Page last updated at 15:42 GMT, Wednesday, 18 March 2009

Summerland leisure complex plan

Artist's impression of The Wave
The company has promised a family friendly leisure complex

A 30m family leisure complex could be built on the former Summerland site in the Isle of Man, the government says.

The Department of Tourism and Leisure (DTL) has chosen the Sefton Group's proposal for a complex known as The Wave out of four submissions.

Cinemas, bowling alleys, restaurants, bars and conference facilities could all be included in the "iconic" complex, the DTL said.

The site was the scene of a fire in 1973 which killed more than 50 people.

Proposals by the Sefton Group are now subject to contractual negotiations with the DTL, which owns the site.

Officials said they hoped all the required approvals and site surveys would be done by 30 June.

Cinema relocation

Tourism minister Martyn Quayle said The Wave would provide "much-needed" family leisure facilities for all age groups on the island.

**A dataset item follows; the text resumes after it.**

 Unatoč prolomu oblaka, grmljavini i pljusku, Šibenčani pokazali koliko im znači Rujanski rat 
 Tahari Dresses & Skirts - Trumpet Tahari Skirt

"Clearly, this is a very significant step forward in a long-held ambition of the department to see a state-of-the-art, family-friendly facility to replace Summerland with what would be a fantastic iconic building," said Mr Quayle.

"Undoubtedly, there is much more work and discussions required and I will be facilitating a presentation for all Members of Tynwald on the plans and proposals in order to seek their approval prior to the summer recess."

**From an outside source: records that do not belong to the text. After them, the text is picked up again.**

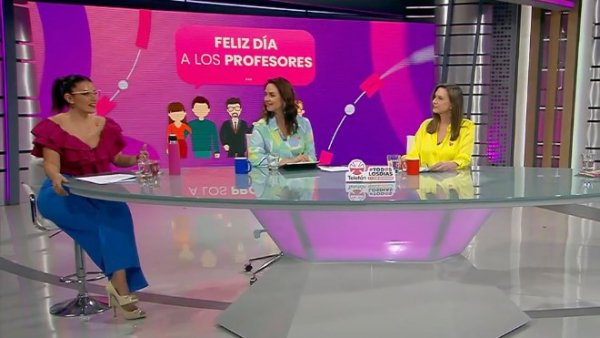 ¡Celebramos a todas y todos los profesores en su día!
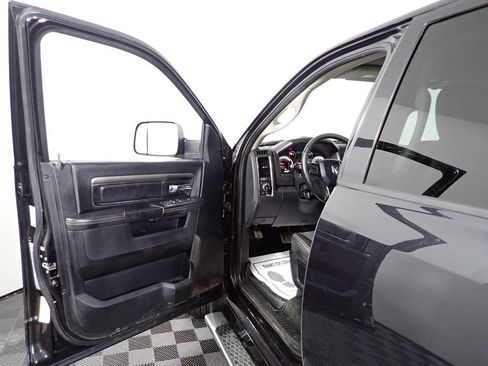 Used 2017 RAM 1500 Sport AWD/4WD image 19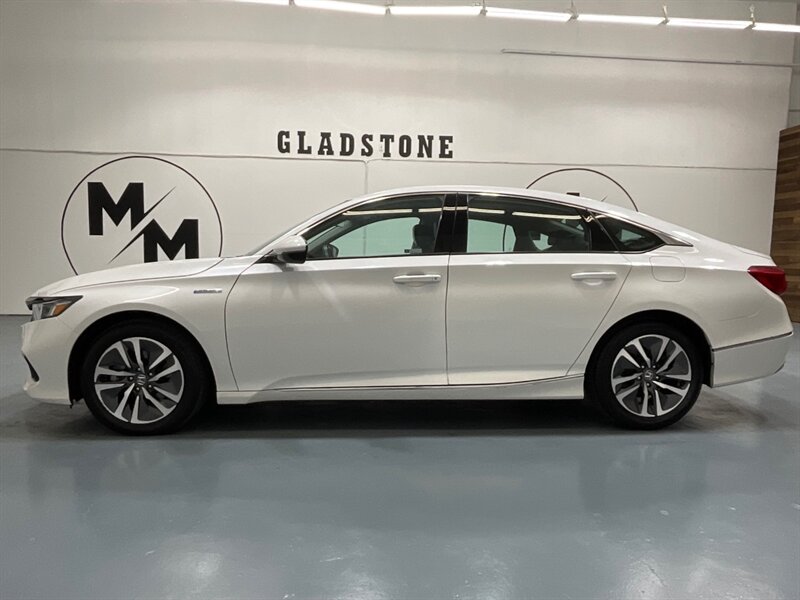 2021 Honda Accord Hybrid EX-L Sedan Hybrid / Leather / Sunroof /28K MILES  / Heated Seats - Photo 3 - Gladstone, OR 97027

The Sefton Group's chief operating officer Mark Lewin said the firm was delighted the department had chosen its vision for the site.

"We are now committed to further investment which will enable us to proceed with the next steps expeditiously such as the critical site surveys and the necessary consultations," said Mr Lewin.

"We will then be able to proceed quickly with construction provided all the requisite approvals and contractual agreements are also completed in a timely manner."

Mr Lewin said the company's existing cinema, casino and bingo facilities would be relocated to the new complex should it go ahead.